───── DATA SECTION
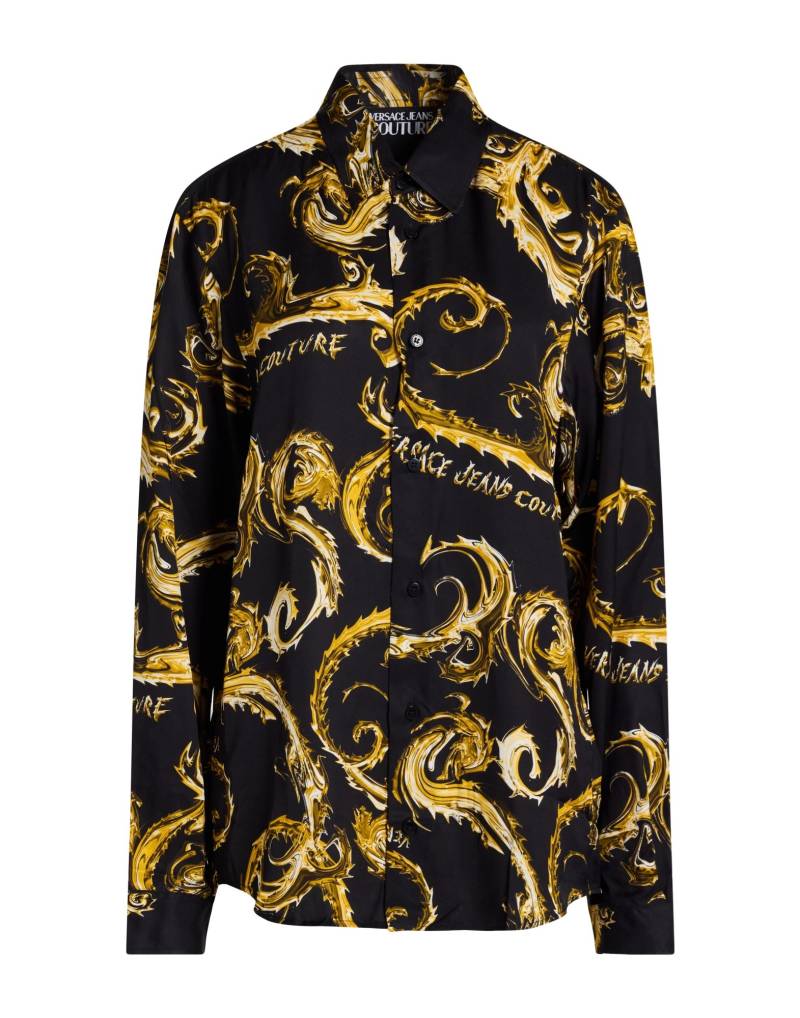 VERSACE JEANS COUTURE Hemd Herren Schwarz von VERSACE JEANS COUTURE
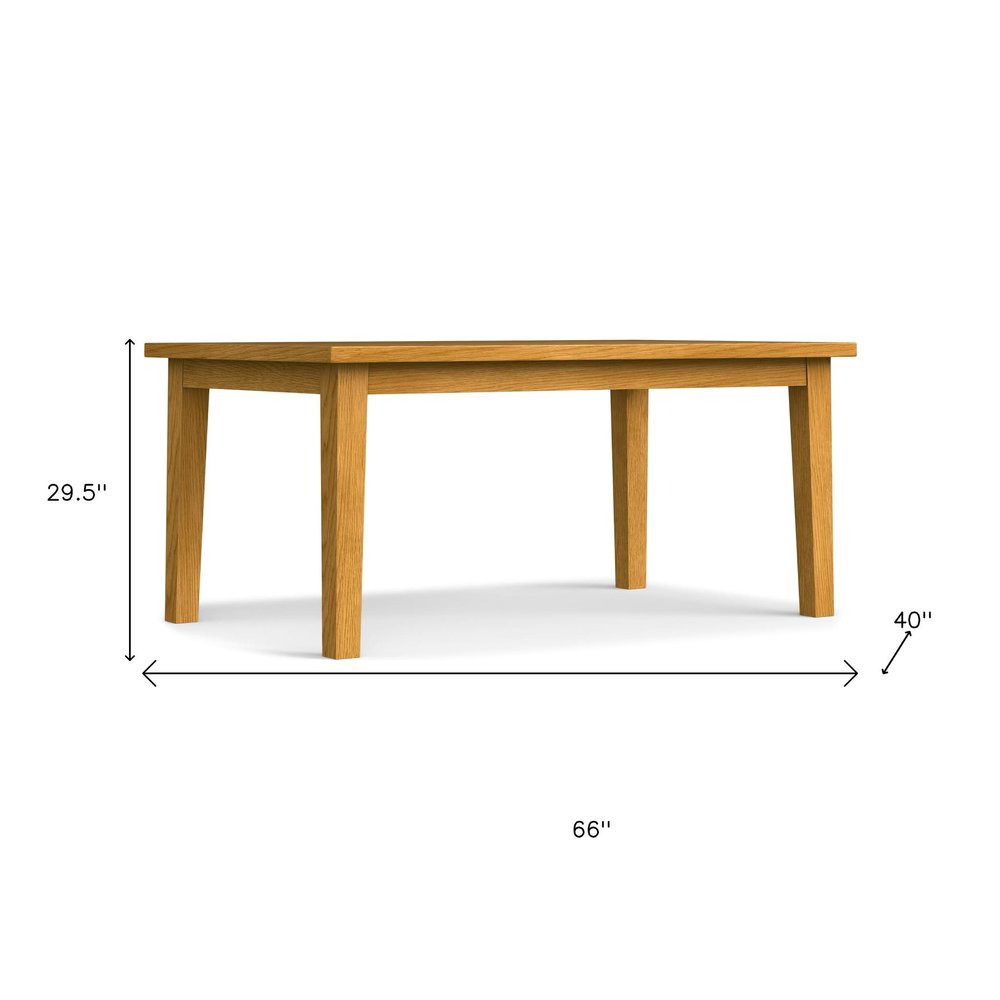 66" Oak Wood Dining Table
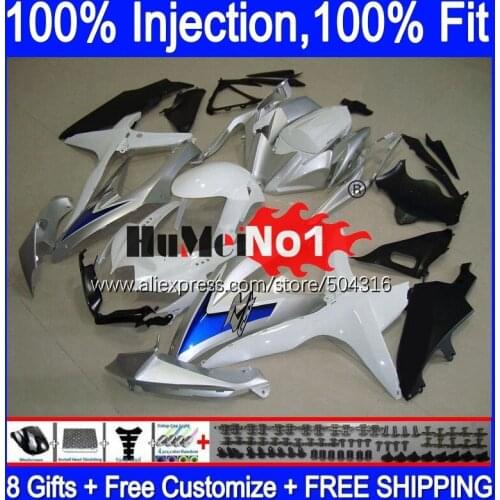 OEM For SUZUKI GSXR-750 GSXR 600 750 GSXR600 GSX-R750 17MC.65 Gloss White GSXR-600 K8 GSXR750 2008 2009 2010 08 09 10 Fairings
──────────
* [YOUR INSTRUCTIONS]: Reproduce the entire listing exactly, except for any pictures it contains.

* [ANSWER TO THIS PROBLEM]:
 VERSACE JEANS COUTURE Hemd Herren Schwarz von VERSACE JEANS COUTURE
 66" Oak Wood Dining Table
 OEM For SUZUKI GSXR-750 GSXR 600 750 GSXR600 GSX-R750 17MC.65 Gloss White GSXR-600 K8 GSXR750 2008 2009 2010 08 09 10 Fairings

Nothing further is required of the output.